YOUR TASK.
Only one stretch of the listing below is wanted. Give it again exactly, from the line with "Read Diet Warrior" through the line with "CPH Airport 3.0 thumbnail".

RECORDS SUPPLIED.
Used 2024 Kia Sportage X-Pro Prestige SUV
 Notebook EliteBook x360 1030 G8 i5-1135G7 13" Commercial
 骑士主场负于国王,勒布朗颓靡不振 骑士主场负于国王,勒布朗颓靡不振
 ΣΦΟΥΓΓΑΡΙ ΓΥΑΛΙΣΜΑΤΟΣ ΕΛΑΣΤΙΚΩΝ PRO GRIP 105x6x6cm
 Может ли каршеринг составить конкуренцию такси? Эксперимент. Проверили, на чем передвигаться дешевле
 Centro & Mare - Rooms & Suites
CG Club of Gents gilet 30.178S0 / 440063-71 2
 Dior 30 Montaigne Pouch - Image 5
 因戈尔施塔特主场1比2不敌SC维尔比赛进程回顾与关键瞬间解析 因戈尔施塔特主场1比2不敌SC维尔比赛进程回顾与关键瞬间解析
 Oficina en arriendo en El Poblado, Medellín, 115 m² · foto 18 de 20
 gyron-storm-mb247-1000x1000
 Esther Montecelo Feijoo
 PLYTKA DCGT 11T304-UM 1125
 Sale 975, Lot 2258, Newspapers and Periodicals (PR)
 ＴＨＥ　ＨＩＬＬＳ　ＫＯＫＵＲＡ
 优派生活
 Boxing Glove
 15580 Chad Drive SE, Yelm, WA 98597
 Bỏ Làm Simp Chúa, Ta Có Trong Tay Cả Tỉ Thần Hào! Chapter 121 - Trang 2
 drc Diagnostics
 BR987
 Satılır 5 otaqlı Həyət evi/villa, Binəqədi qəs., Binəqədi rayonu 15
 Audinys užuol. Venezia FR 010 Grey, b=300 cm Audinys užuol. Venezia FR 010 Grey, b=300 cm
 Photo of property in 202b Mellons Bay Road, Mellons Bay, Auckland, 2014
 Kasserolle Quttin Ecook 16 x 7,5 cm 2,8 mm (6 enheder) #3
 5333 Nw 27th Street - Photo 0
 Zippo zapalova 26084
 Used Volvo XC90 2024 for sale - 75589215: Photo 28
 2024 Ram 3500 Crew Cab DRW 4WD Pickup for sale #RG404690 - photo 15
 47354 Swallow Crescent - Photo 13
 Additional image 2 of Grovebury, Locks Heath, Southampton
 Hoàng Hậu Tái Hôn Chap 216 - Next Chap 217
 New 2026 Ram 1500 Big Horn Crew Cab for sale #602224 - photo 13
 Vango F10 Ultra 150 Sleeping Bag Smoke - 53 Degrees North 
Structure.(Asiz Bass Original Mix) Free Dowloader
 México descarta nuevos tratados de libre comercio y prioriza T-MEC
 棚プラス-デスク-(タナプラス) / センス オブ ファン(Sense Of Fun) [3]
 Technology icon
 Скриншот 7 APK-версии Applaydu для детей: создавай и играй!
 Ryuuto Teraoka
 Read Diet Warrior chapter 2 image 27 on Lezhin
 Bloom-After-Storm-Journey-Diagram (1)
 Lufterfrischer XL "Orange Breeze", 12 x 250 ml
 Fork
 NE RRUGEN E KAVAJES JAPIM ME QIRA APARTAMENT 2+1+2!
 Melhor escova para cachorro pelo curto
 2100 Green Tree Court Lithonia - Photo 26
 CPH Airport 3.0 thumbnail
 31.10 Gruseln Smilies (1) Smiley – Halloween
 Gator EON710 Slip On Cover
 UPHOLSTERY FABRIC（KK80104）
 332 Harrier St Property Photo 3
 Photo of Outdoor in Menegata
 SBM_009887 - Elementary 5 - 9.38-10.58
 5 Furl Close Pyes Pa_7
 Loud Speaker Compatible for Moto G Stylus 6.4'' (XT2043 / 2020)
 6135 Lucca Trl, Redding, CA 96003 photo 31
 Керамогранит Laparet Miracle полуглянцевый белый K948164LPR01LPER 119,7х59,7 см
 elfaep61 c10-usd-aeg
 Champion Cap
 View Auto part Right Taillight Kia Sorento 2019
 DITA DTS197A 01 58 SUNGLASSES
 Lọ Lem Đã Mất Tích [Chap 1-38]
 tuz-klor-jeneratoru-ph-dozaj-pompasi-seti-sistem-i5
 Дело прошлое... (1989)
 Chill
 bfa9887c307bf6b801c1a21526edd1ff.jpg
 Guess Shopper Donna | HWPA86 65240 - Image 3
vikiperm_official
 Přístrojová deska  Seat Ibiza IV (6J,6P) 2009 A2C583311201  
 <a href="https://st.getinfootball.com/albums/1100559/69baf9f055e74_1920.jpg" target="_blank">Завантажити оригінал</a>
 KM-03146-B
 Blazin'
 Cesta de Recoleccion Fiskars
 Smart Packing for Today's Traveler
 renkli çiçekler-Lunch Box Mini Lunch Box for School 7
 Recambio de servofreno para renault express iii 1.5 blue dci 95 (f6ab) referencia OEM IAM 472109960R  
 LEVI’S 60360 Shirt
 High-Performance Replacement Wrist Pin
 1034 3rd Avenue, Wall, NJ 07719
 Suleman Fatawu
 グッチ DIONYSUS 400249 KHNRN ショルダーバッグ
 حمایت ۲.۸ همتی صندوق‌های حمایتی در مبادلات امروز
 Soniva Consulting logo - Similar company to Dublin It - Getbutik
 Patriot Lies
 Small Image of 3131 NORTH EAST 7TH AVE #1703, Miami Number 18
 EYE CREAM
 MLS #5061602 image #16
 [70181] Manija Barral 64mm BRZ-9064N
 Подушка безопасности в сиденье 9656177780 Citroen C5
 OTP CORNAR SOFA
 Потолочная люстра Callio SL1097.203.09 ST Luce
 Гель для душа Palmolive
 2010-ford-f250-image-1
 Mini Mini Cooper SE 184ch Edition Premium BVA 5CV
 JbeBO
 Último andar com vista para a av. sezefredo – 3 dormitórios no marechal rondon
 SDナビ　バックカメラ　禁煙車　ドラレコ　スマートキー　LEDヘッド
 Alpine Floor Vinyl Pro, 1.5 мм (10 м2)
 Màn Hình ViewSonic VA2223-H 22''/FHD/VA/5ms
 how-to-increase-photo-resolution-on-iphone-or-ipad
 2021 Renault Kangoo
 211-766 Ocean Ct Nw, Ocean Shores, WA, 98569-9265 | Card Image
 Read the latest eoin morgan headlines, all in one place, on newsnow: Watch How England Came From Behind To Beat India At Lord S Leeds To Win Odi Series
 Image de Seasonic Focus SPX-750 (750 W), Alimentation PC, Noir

SOLUTION BELOW.
 Read Diet Warrior chapter 2 image 27 on Lezhin
 Bloom-After-Storm-Journey-Diagram (1)
 Lufterfrischer XL "Orange Breeze", 12 x 250 ml
 Fork
 NE RRUGEN E KAVAJES JAPIM ME QIRA APARTAMENT 2+1+2!
 Melhor escova para cachorro pelo curto
 2100 Green Tree Court Lithonia - Photo 26
 CPH Airport 3.0 thumbnail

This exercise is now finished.